Миссис Тельямантес покачала головой.
— Нет, очень болен. Ничего не понимает, — тихо ответила она и сложила руки поверх рукоделия.
Она рассказала, что Вунш не ночевал дома, а сегодня утром миссис Колер пошла его искать и нашла, покрытого грязью и золой, под эстакадой железной дороги. Возможно, он возвращался домой и сбился с пути. Миссис Тельямантес осталась сидеть с лежащим без сознания Вуншем, а миссис Колер и Джонни отправились за помощью.
— Тебе, наверное, лучше пойти домой, — заключила миссис Тельямантес.
Тея опустила голову и задумчиво посмотрела на одеяло:
— Можно я немножко побуду, только пока они не вернутся? Мне хочется знать, очень ли он плох.
— Да уж не хорош, — вздохнула миссис Тельямантес и опять взялась за мережку.
Тея уселась в узкой полосе тени, падающей от опоры эстакады, и стала слушать, как скрежещет саранча в раскаленном песке, и смотреть, как миссис Тельямантес равномерно продергивает нити. Одеяло выглядело так, словно прикрывало кучу кирпичей.

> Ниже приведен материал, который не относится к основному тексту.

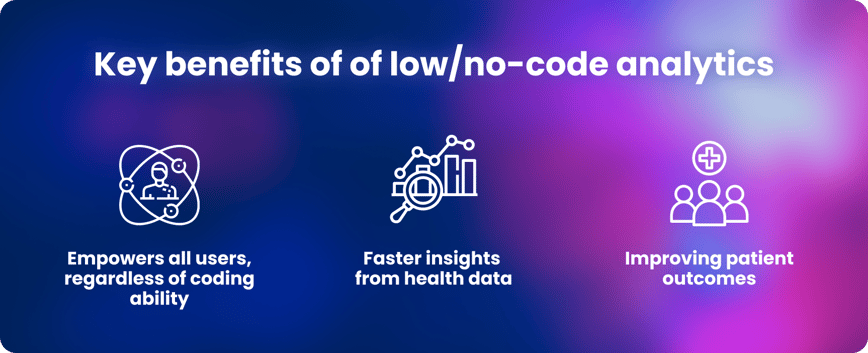 Key benefits of of low_no-code analytics-1
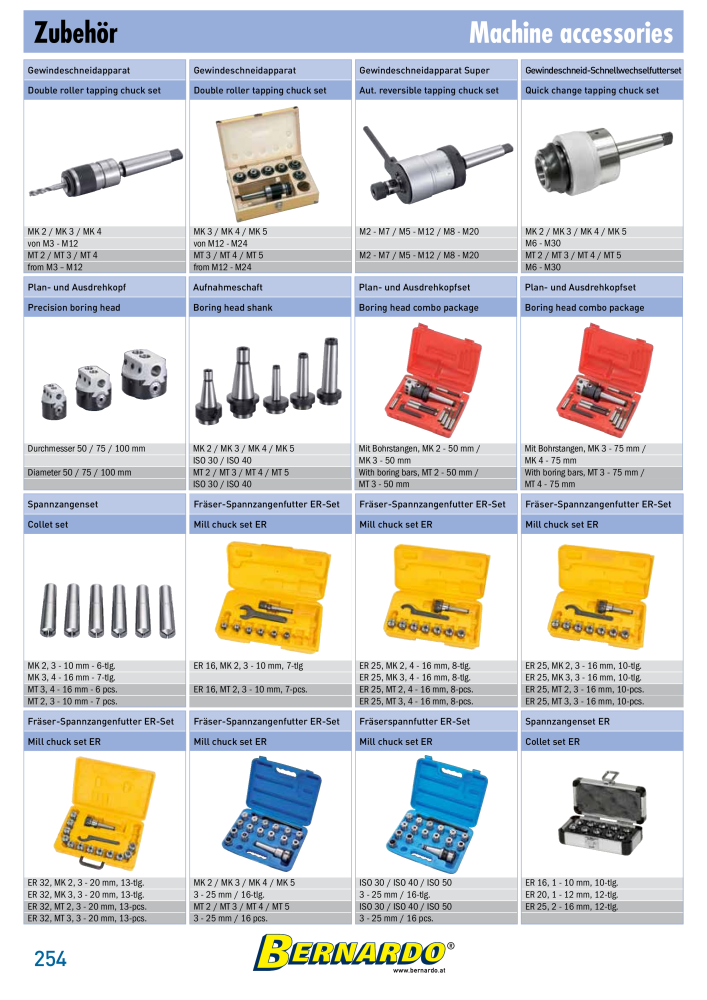 Bernardo general catalog metal NO.: 2582 - Page 256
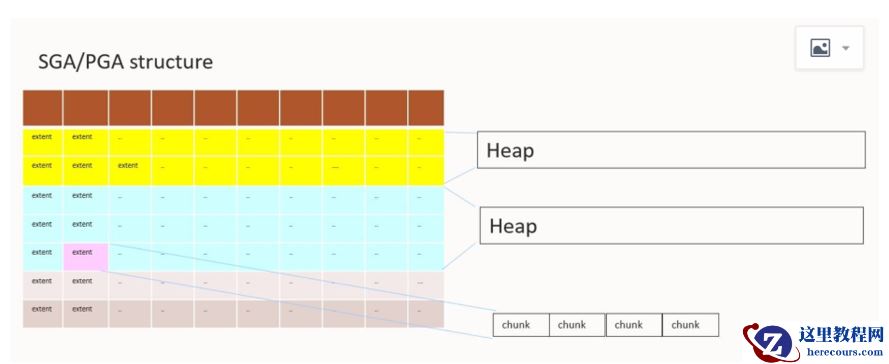 关于Heap中的一些概念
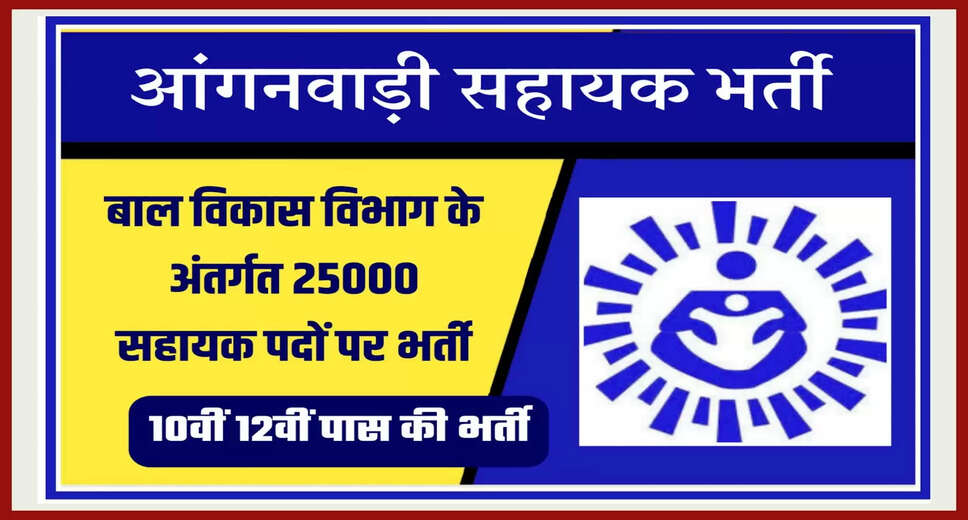 2025 Anganwadi Supervisor Recruitment Notification Released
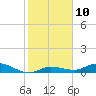 Tide chart for Hawk Channel, Upper Matecumbe Key, Florida on 2023/01/10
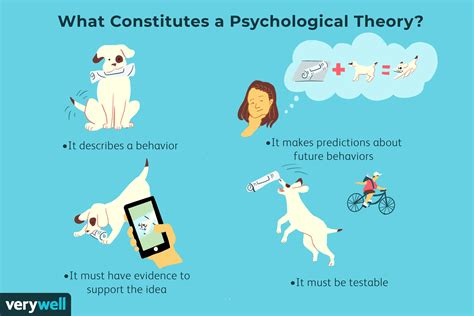 Delving into the Psychological Significance of Cycle Stopping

— Я что-то не вижу, чтобы он дышал, — с беспокойством сказала Тея.
— Да, он дышит, — ответила миссис Тельямантес, не поднимая глаз.
Тее казалось, что прошли часы. Наконец послышались голоса, и несколько человек спустились по склону и подошли по оврагу к ним. Шествие возглавляли доктор Арчи и Фриц Колер; за ними следовали Джонни, Рэй и еще несколько железнодорожников. Рэй нес брезентовые носилки, которые в депо держали для несчастных случаев на дороге. В хвосте тащились полдюжины мальчишек, которые вечно околачивались вокруг депо.